## WORK TO BE COMPLETED
Restate the listing below word for word, and leave its pictures behind.

## AVAILABLE DATA

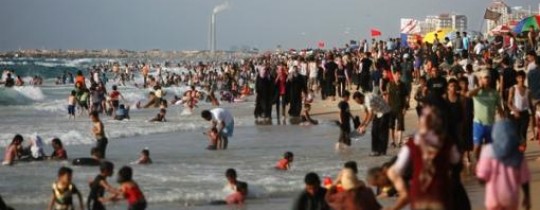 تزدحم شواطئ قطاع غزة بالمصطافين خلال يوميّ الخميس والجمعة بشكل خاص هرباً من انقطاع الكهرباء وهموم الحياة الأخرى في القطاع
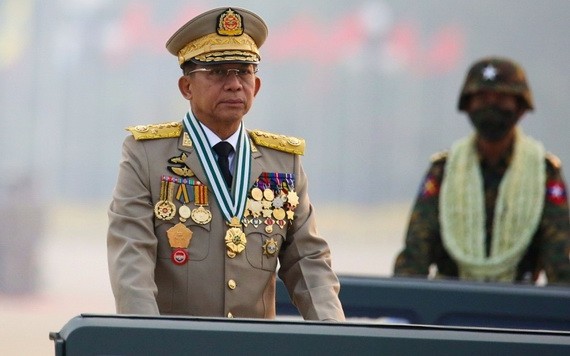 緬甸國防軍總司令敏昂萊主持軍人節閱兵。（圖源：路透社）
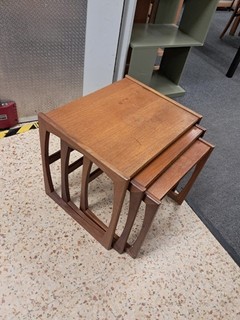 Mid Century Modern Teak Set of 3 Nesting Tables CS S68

## RESPONSE TO THE TASK
 تزدحم شواطئ قطاع غزة بالمصطافين خلال يوميّ الخميس والجمعة بشكل خاص هرباً من انقطاع الكهرباء وهموم الحياة الأخرى في القطاع
 緬甸國防軍總司令敏昂萊主持軍人節閱兵。（圖源：路透社）
 Mid Century Modern Teak Set of 3 Nesting Tables CS S68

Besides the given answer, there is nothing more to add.